Post in thread '#PI0762D: Coolant Leak at Water Pump - (Aug 1, 2013)'
Water Pump TSB

The valve cover TSB is if you have a blown PCV vacuum regulator, the round area under the cosmetic cover. Put you finger over the small rectangular hole. If you feel anything, it is blown. This is actually a symptom of a bad intake manifold.

As for the valve cover oil leak, either someone forgot to add the two dabs of sealant needed at the front of the engine (pully end) or you may have a bad PCV valve in the intake manifold which in turn pressurizes the engine.

*2011-2016 Cruze 1.4 PCV Valve Cover/Intake Manifold Issues*


Don't forget to introduce yourself and your Cruze here.


----------



## cruzedriver18 (May 23, 2018)

Blasirl said:


> Welcome Aboard!
> 
> Boy that baby is dirty. You should hose her down a bit. Then use some brake cleaner and degrease as much as possible. This will allow you to better look for and pinpoint the leaks.
> 
> ...



hey you seem very well informed and my apologies for butting in but I think coolant my be leaking from a hose and was looking to identify it so that I could replace it. The 3rd image that OP posted has a hose with what seems to be a metal/aluminum wrap. I think that hose might be leaking on my Cruze. Do you know what that hose is called or the part number? Thanks !


----------



## Blasirl (Mar 31, 2015)

cruzedriver18 said:


> hey you seem very well informed and my apologies for butting in but I think coolant my be leaking from a hose and was looking to identify it so that I could replace it. The 3rd image that OP posted has a hose with what seems to be a metal/aluminum wrap. I think that hose might be leaking on my Cruze. Do you know what that hose is called or the part number? Thanks !


Welcome Aboard!

Don't forget to introduce yourself and your Cruze here.












*Turbocharger Coolant Line Adapter*
Part Number: *25199813*
Supersession(s):* 25195896; 25198927; 55572127*


















*Turbocharger Coolant Line*
Part Number: *55567067*


----------



## carbon02 (Feb 25, 2011)

CruzeMN21 said:


> Hi all -
> 
> I've read through several of the posts on the forum in regards to various coolant leaks and it appears my Cruze may be leaking from multiple areas in which I've tried to demonstrated by adding photos:
> 
> ...


Assitance from another Minnesota long term cruzer. You have several areas to consider. 


Water pump-- Yes that's where mine leaked, It's a known issue.. 10 years 120,000 miles, probably covered.
Coolant under the throttle body on the top of the transmission- Water outlet. Go with a GM/AcDelco part for the $23 with a good gasket. This could be plastic cracked, do the entire thing rather than just the $8 gasket. This gets a lot of heat. My housing was cracked, and the gasket was completely flat. Go with high quality parts.
Oil from the throttle body. Remove the plastic air tube from throttle body, and wipe out oil. This is PCV gas condensing oil in the intercooler. Possibly due to high pressures due to intake valve check valve failure. A little assumption here, but reasonable.
Valve cover will only be replaced for the warranty that's part of the vaccuum problem. If your not setting engine codes, I'm not sure a shop will warranty for a gasket issue.
Potentially oil leak at the oil feed line of the turbo. This is the oil that is going down the front of the engine.

As previous poster mentioned, time for the tooth brush and rags, and start cleaning to see what's leaking. Your looking at a lot of money to all these seals out of pocket. It takes time, but doable. Everything is covered on this site.

Good Luck-


----------



## CruzeMN21 (Jan 26, 2021)

Thanks @carbon02 and @Blasirl for all of the information.

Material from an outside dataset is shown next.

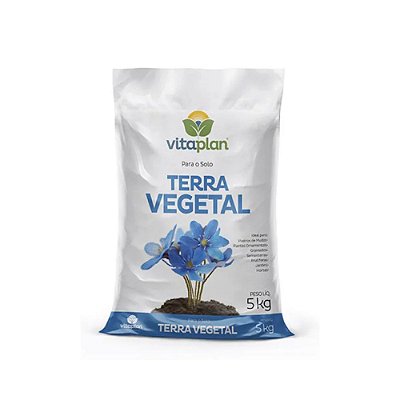Terra Vegetal Vitaplan 5Kg - Nutrição Completa para Suas Plantas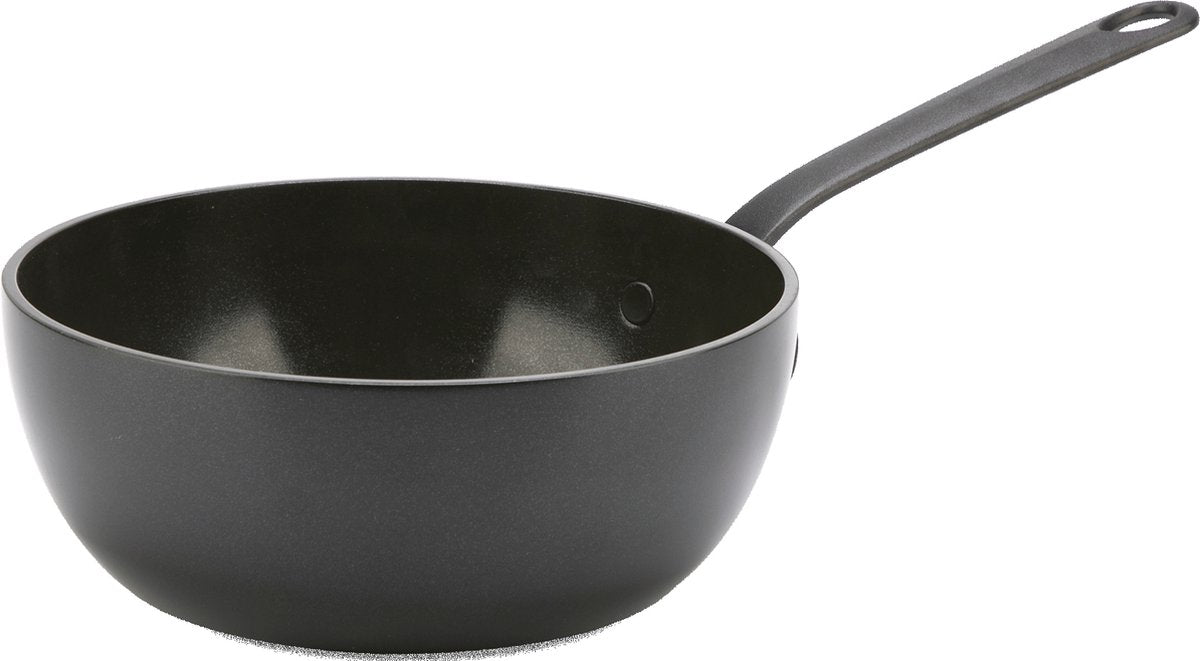 GreenPan craft aluminium steelpan zonder deksel ø20cm – 2.0l - pfas-vrij – zwart – inductie- en vaatwassergeschikt – ovenbestendig tot 220° - gehard aluminium – rvs handgrepen – groter bakoppervlak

Just as a quick update to anyone who stumbles across this post, I've completed the following:

Replaced Coolant Expansion Tank (Dorman part 603-383) - $29.99
Replaced Water Outlet (Doorman part 902-846) - $33.99
Replaced Water Inlet hose from Water Outlet to Coolant Expansion Tank (GM OEM part 13251447) - $34.98
Replaced miscellaneous hose clamps with adjustable aftermarket hose clamps

A few things that may be advisable to other folks:

The water inlet hose broke at the very end of the repair. Unfortunately, the way it broke, you may have to disassemble a piece that connects the water outlet to the hose itself.
When you remove the water outlet, prepare for a lot of coolant. Unfortunately, I did not and it made quite a bit of a mess to clean up later.
After replacing the water outlet, coolant was still leaking underneath the water outlet. I was pretty disappointed but I had a local mechanic take a look and it was just that the new hose clamps weren't tight enough. If you plan on replacing the hose clamps, make sure they're snug enough to make a tight connection, but not so tight your pinch the hose

It looks like I'm indeed still leaking from the Water Pump so I guess my next step is look through the other thread and bring it into the Chevy dealer? Will they fight tooth and nail on covering the repair or should it be smooth sailing? 

The engine is running a bit rough, but I think the PCV is still technically fine and I'm not throwing any codes. 

Again, I sincerely appreciate all of the help!


----------



## carbon02 (Feb 25, 2011)

CruzeMN21 said:


> Thanks @carbon02 and @Blasirl for all of the information.
> 
> Just as a quick update to anyone who stumbles across this post, I've completed the following:
> 
> ...


The problem that I've found with local metro dealers, is that it's very difficult to find a good technican. You don't know who they are handing it off to. When I researched the water pump it payed somewhere around 1.5 hours for warranty pay, and nearly close to 4 hours customer pay. I did this myself because I didn't want to deal with any potential issues that could be a result of corners being cut. 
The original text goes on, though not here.